───── Recorded information

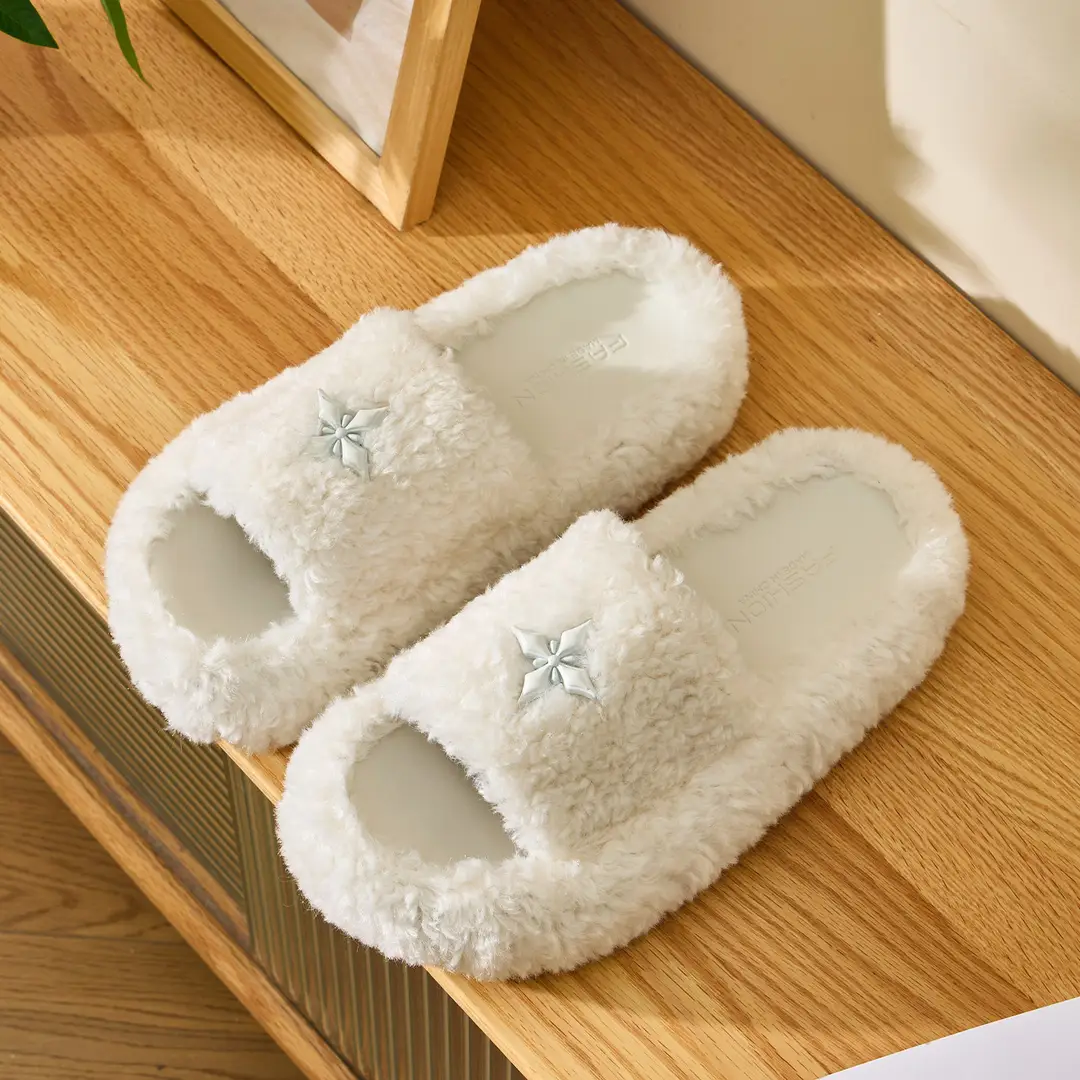 Lidani Furry Slippers for Women, Outdoor Wear, 2026 New Model, Indoor Home Use, Winter Trendy Thick-Soled Plush Shoes for Autumn and Winter - Image 2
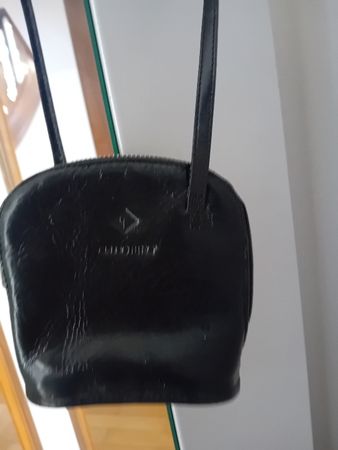 Handtasche schwarz Lack Leder Umhaengetasche guter Zustand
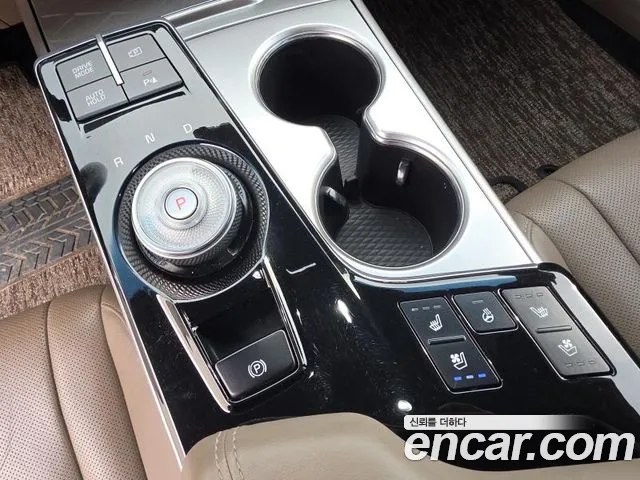 Kia K8 K8 Hybrid — Фото автомобиля 10
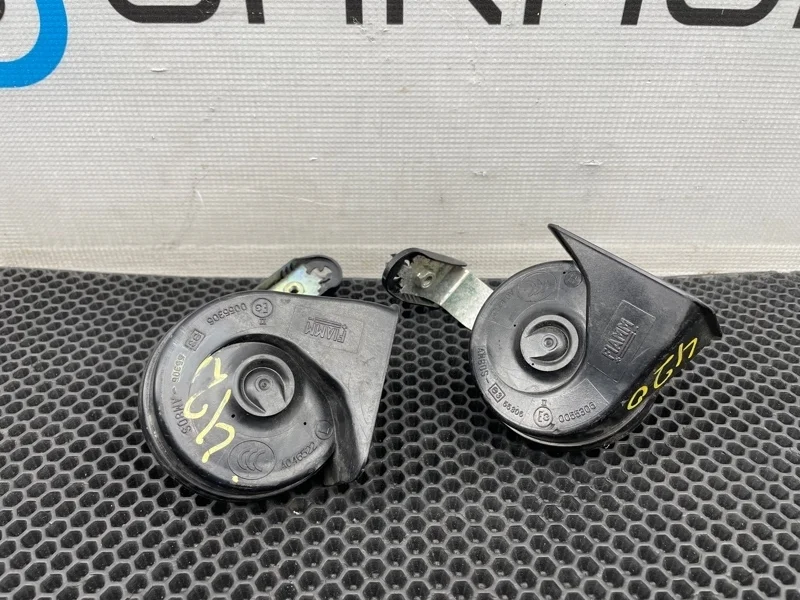 Сигналы звуковые Volvo S60 2011 30796896 Y20 B4164T 1.6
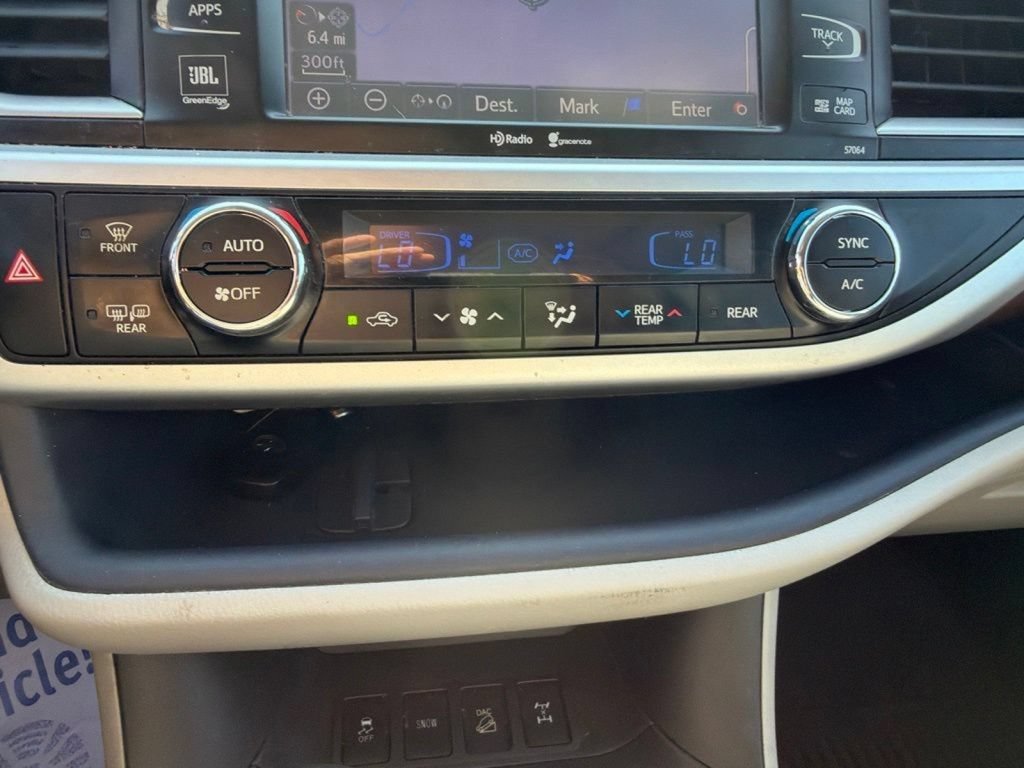 Used 2015 Toyota Highlander Limited AWD/4WD image 24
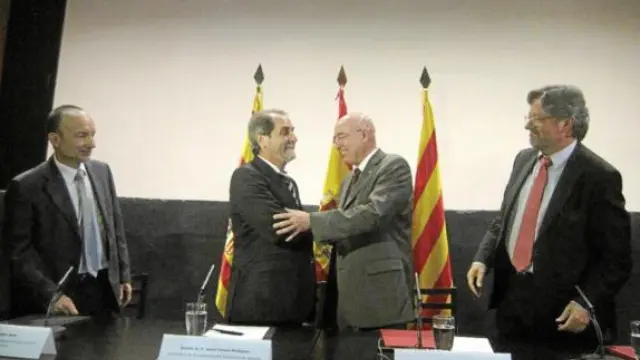 En el centro, el consejero de la DGA Javier Velasco y el de la Generalitat, Joan Manuel Tresserras.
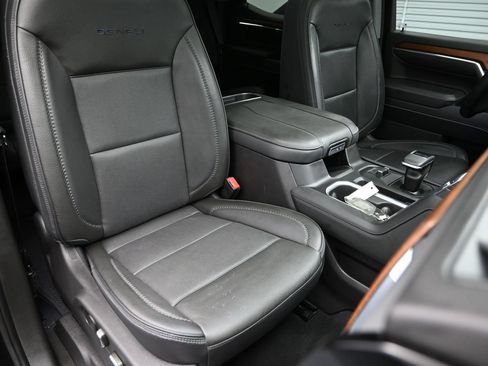 Used 2023 GMC Sierra 1500 Denali w/ Denali Reserve Package AWD/4WD image 43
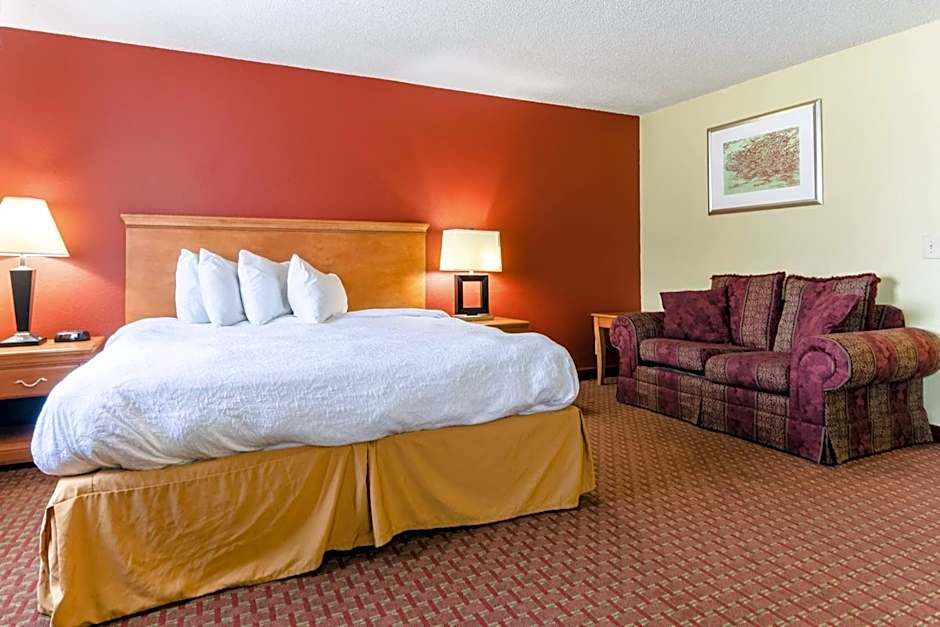 Rodeway Inn & Suites Jacksonville near Camp Lejeune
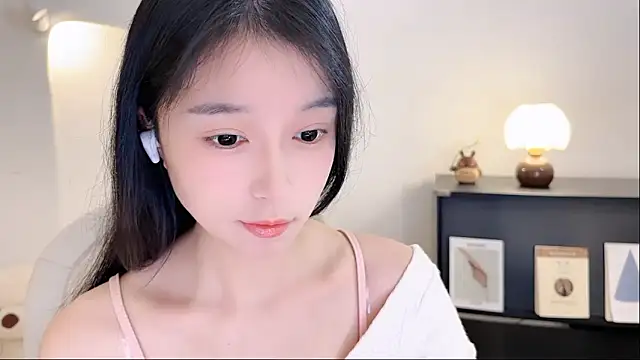 Snapshot of Onechestnut chatting on 11/02/25, 05:32 Onechestnut online show from 11/02/25, 05:32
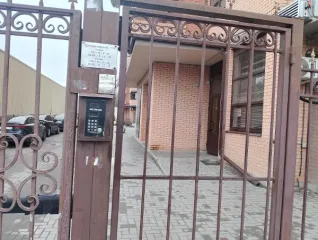 Квартира 38,9 м², 1/2 доли в праве, Ростов-на-Дону. Жилое помещение, квартира площадью 38,90 кв.м. (общая долевая собственность, доля в праве 1/2), кадастровый № 61:44:0082019:1648, (Поручение ТУ Росимущества в РО от 07.07.2026 № 61-889-У). Адрес: Ростовская область, г. Ростов-на-Дону, пер…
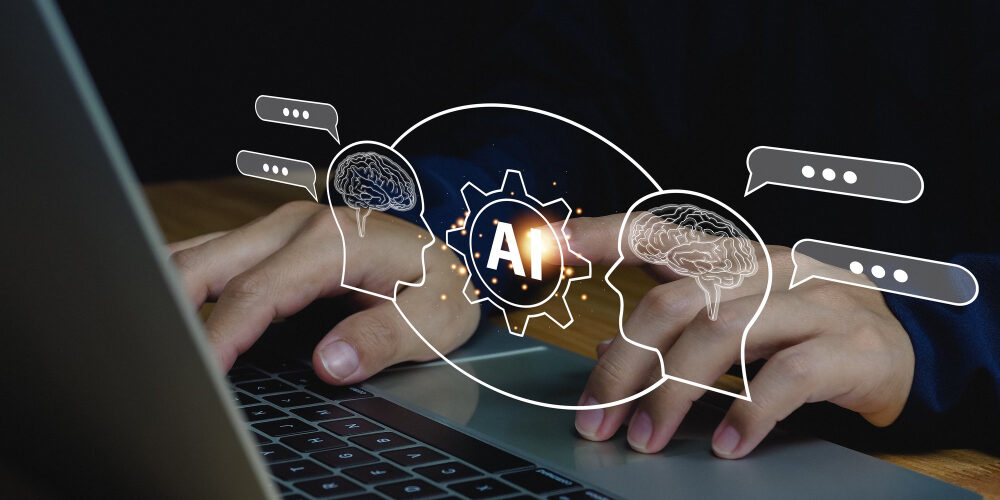 Mains utilisant un ordinateur portable avec une interface numérique représentant l’intelligence artificielle et le processus créatif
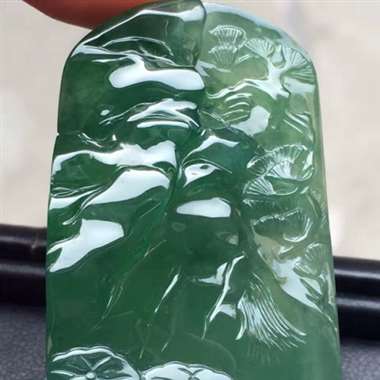 满色鸳鸯牌：完美无裂纹，种老起胶，雕工精致，色泽漂亮，饱满，尺寸：47.6/28.2/10.6，tm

──────────

Work to be completed: Omit the pictures, then extract verbatim only those lines that fall between the line containing "Квартира 38,9 м², 1/2" and the final line of the records above, both included.

Solution for this task:
 Квартира 38,9 м², 1/2 доли в праве, Ростов-на-Дону. Жилое помещение, квартира площадью 38,90 кв.м. (общая долевая собственность, доля в праве 1/2), кадастровый № 61:44:0082019:1648, (Поручение ТУ Росимущества в РО от 07.07.2026 № 61-889-У). Адрес: Ростовская область, г. Ростов-на-Дону, пер…
 Mains utilisant un ordinateur portable avec une interface numérique représentant l’intelligence artificielle et le processus créatif
 满色鸳鸯牌：完美无裂纹，种老起胶，雕工精致，色泽漂亮，饱满，尺寸：47.6/28.2/10.6，tm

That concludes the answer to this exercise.